Death holds out his hands for the innocent babe’s life, but the heroine after some hesitation demurs. This still, which you would have seen brought to life had you been at Ipswich Film Theatre on October 30th, seems to portray a glowering figure of Death, ready to snatch the infant from its mother. It shows how deceptive appearances can be, for in fact his expression here is more grimly resolute than threatening, and the child is not the woman’s at all but someone else’s: with its life she could buy back that of her lover, cruelly taken from her in his prime…

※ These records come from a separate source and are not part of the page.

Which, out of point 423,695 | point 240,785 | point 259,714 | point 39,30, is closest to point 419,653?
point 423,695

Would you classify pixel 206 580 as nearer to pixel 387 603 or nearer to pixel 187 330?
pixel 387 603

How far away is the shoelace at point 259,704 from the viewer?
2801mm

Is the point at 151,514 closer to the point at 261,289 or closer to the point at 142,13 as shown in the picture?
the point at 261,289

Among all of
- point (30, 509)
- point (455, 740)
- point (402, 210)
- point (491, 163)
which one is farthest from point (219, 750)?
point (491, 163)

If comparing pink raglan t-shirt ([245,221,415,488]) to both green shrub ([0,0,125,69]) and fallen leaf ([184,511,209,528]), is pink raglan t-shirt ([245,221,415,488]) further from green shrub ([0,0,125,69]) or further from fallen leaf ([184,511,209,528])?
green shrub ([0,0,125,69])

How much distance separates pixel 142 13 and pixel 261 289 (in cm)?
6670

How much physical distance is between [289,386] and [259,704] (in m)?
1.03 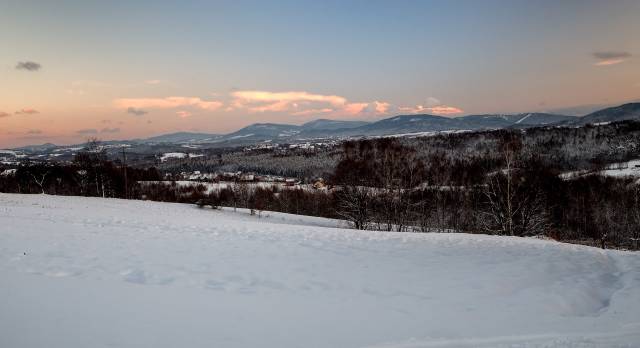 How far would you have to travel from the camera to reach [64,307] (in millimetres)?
7363

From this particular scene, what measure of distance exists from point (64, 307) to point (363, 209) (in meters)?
32.9

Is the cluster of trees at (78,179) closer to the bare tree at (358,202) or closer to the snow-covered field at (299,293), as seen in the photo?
the bare tree at (358,202)

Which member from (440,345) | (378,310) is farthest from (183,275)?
(440,345)

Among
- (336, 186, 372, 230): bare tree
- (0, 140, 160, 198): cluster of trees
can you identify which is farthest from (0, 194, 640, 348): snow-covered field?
(0, 140, 160, 198): cluster of trees

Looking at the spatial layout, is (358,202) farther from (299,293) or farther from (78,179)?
(78,179)

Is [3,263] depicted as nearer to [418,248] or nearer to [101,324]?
[101,324]

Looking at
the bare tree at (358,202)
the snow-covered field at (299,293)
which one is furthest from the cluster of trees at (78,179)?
the snow-covered field at (299,293)

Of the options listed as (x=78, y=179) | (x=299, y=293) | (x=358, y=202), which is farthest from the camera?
(x=78, y=179)

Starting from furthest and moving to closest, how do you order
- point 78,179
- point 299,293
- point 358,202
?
1. point 78,179
2. point 358,202
3. point 299,293

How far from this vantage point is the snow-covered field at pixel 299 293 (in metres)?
7.10

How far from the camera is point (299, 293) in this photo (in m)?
9.96

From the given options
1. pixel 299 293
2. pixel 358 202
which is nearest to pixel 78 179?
pixel 358 202

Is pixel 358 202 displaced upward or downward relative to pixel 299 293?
downward

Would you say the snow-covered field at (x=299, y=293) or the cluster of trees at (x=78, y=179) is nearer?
the snow-covered field at (x=299, y=293) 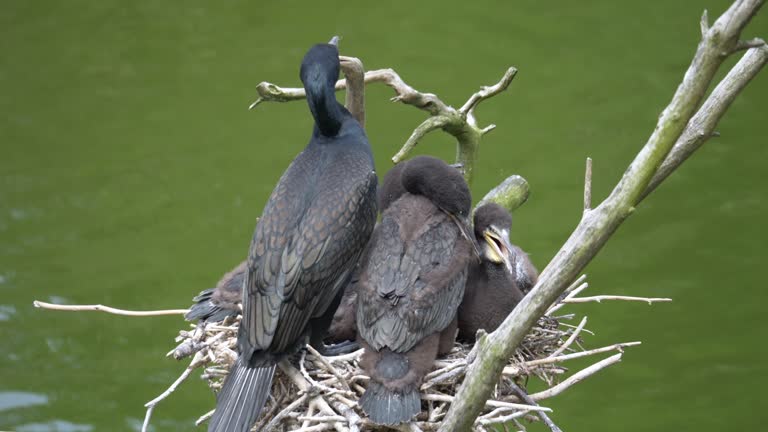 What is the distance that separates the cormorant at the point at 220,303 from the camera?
3385 millimetres

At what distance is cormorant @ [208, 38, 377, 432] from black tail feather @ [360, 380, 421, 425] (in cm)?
26

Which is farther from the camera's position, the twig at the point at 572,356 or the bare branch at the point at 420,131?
the bare branch at the point at 420,131

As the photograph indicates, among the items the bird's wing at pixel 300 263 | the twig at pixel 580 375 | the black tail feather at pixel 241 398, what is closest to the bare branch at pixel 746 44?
the twig at pixel 580 375

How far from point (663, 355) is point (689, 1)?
2744 mm

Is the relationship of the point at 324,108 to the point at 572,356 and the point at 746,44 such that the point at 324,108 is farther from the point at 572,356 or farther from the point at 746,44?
the point at 746,44

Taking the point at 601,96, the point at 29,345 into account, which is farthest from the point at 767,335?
the point at 29,345

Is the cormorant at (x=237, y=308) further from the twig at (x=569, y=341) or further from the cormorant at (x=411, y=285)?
the twig at (x=569, y=341)

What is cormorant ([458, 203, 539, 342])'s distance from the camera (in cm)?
335

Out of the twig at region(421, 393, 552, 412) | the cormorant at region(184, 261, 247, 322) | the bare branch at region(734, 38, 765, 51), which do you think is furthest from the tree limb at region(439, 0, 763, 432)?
the cormorant at region(184, 261, 247, 322)

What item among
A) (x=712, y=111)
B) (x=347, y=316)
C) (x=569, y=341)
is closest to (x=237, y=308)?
(x=347, y=316)

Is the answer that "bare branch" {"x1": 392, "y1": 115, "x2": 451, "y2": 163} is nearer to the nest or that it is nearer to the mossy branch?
the mossy branch

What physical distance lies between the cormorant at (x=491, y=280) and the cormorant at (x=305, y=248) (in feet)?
1.16

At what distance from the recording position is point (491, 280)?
339cm

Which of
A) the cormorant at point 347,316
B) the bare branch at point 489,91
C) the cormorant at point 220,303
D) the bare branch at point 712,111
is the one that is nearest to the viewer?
the bare branch at point 712,111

This is the climax of the film, actually, and it would be churlish to reveal what becomes of her refusal to give up the infant’s life, once she has found herself unable to persuade even the most wretched and moribund of her fellow citizens to pay the ultimate price. Der müde Tod, translating as Weary Death, is an early (1921) silent by Fritz Lang, before he went on to make Dr Mabuse the Gambler, his Nibelung films, and Metropolis. It is not that commonly seen now, which made Ipswich Film Theatre’s decision to show it doubly gratifying, doubly because it was accompanied live by the Harmonie Band, an ensemble of musicians comprising keyboard, wind and viola.
The heart of the film is a trio of what one might term historical sequences, were they not purporting to be contemporary: Death proposes that if one of those three ordained imminently to die survives, he will spare the present young man. Accordingly, the other stories all have the same couple enacting a similarly frustrated love match. The first is set in Moorish Africa, and has a Frankish young man illicitly pursuing the Caliph’s sister; in the second he is a Venetian, or some such, of Renaissance extraction; the third has the young lovers happily serving a magician, until the Emperor takes a shine to the girl. It was not unusual for films of the period to contain sequences in more exotic clothing than their relatively sober bookends: Griffith’s Intolerance is a famous example, but Cecil B. De Mille did similar things, as in Male and Female, with Gloria Swanson transported to ancient Babylon just so he could photograph her with a lion’s paw on her back! Lang’s three episodes are by far the briskest and most fun in the movie, which drags a little at the start.
The Death figure, here somewhat distasteful of his unending work, contrasts strikingly with Bergman’s more zealous personification in The Seventh Seal, and visually seems to foreshadow the figure of the ferryman in Dreyer’s Vampyr (1932). All in all, a rare and fascinating evening at the Film Theatre, and just before Halloween, too.